I pulled onto West 130th Street between Lenox and Fifth Avenues looking for a parking spot. I noticed one between two cars. I knew there wasn’t a fire hydrant there.
Getting into the spot would have been a tight squeeze, but nothing I couldn’t handle. Luckily, though, I saw that there was a man sitting in the Jeep parked in front of the empty space. He had easily half a car’s length ahead of him that he could move up into. I figured I would ask if he would mind making my job easier.
Pulling alongside the Jeep, I saw that the man was leaning back in his seat. His window was already down. I rolled down my front passenger side window.

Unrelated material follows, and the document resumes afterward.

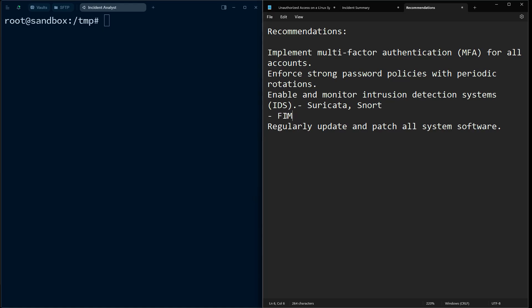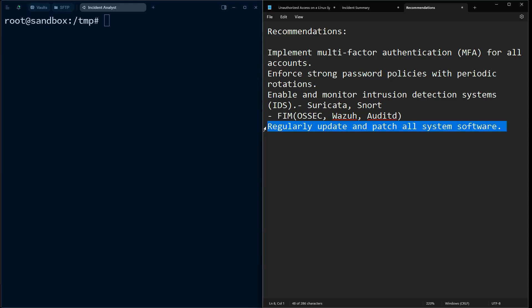With file integrity monitoring, whenever a critical file gets modified you immediately get an alert. You can fine-tune it to avoid false positives. Solutions include OSSEC, Wazuh for file integrity checks, and auditd, which lets you track specific accounts and get alerts when files in certain directories change. Finally, make sure you regularly update and patch all systems and software — that is a very important point.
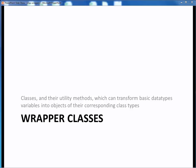In this video lecture, we want to introduce Java's wrapper classes, which are special classes having utility methods which can transform variables of the basic data types into objects of the corresponding class types.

“Hi, excuse me.” I said, “Would you mind pulling up a bit so I could squeeze in behind you?”
“Excuse me, sir?”
This time, he answered.
“Can’t you see I’m busy?”
“I’m sorry,” I said. “I just wanted to ask if you could move up a tad, maybe three feet.”
“I heard what you said,” he said. “I’ll move up two feet, and learn how to park.”
Now I was annoyed.
He pulled the Jeep up, and I backed into the empty spot easily. Turning off the ignition, I decided to ask the man if he would evaluate my parking job. After all, he had said I needed to learn.
As I approached the Jeep, the man was reaching out the window with his hand open. Almost magnetically, my hand was drawn into his.
“I’m sorry,” he said. “I’m on the phone with the funeral home. My father just passed. Please, go easy on me.”
It doesn’t take much to set us off when we’re surrounded by millions of people, especially in the heat. So go easy on each other.